RECORDS PROVIDED: Begin
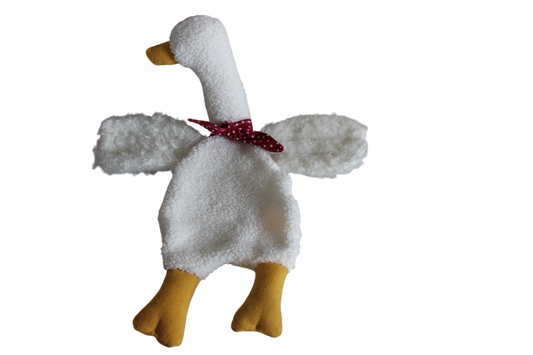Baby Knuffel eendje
RECORDS PROVIDED: End
RECORDS PROVIDED: Begin
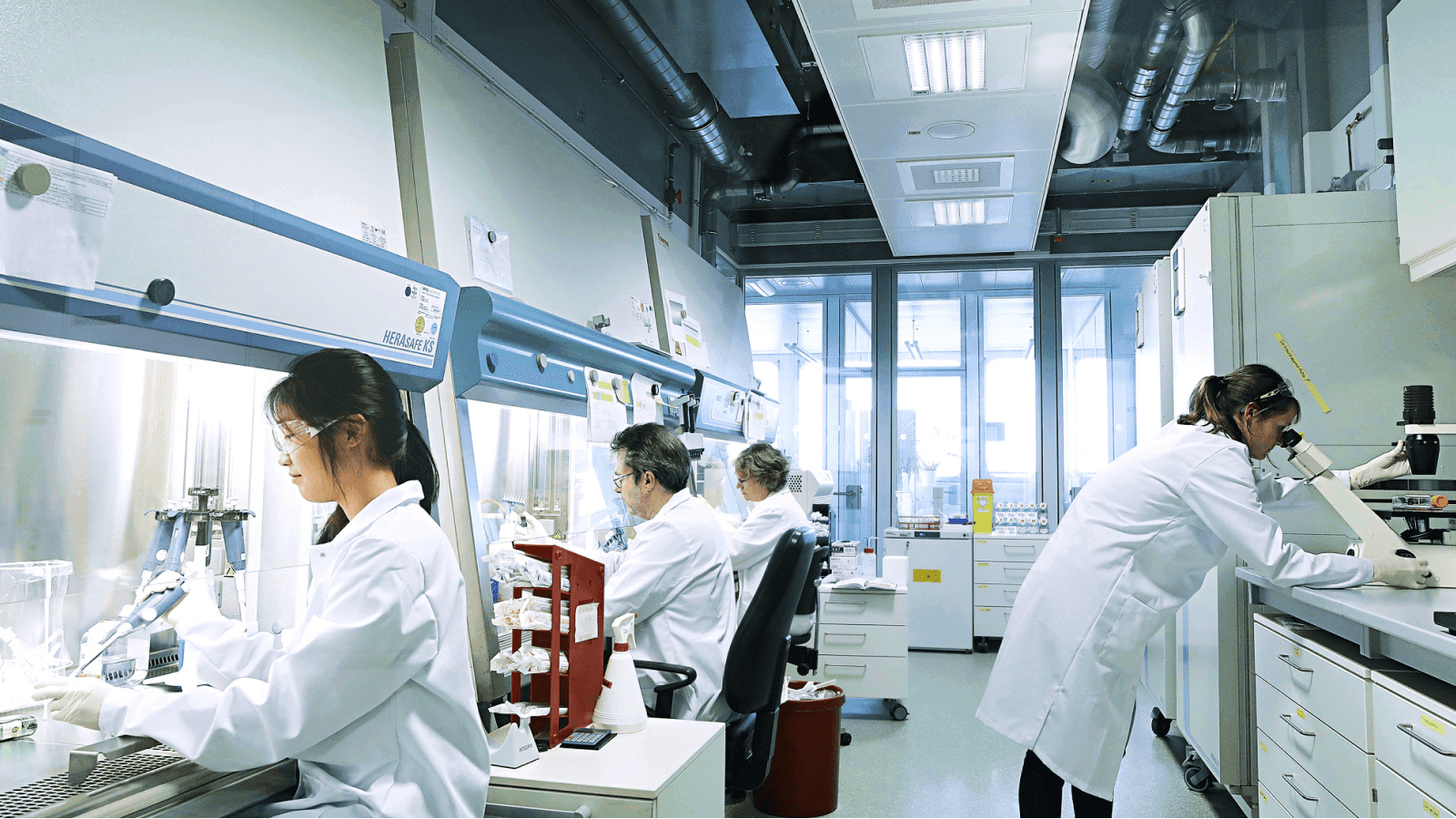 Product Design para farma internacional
RECORDS PROVIDED: End
RECORDS PROVIDED: Begin
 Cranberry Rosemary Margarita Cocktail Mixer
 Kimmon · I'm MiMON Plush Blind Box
RECORDS PROVIDED: End
▸ EXERCISE DIRECTIONS: Please give an exact copy of the entries above, from the line with "Cranberry Rosemary Margarita Cocktail Mixer" down to the line with "Kimmon · I'm MiMON Plush Blind Box", inclusive, and nothing else.

▸ SOLUTION FOR THIS EXERCISE:
 Cranberry Rosemary Margarita Cocktail Mixer
 Kimmon · I'm MiMON Plush Blind Box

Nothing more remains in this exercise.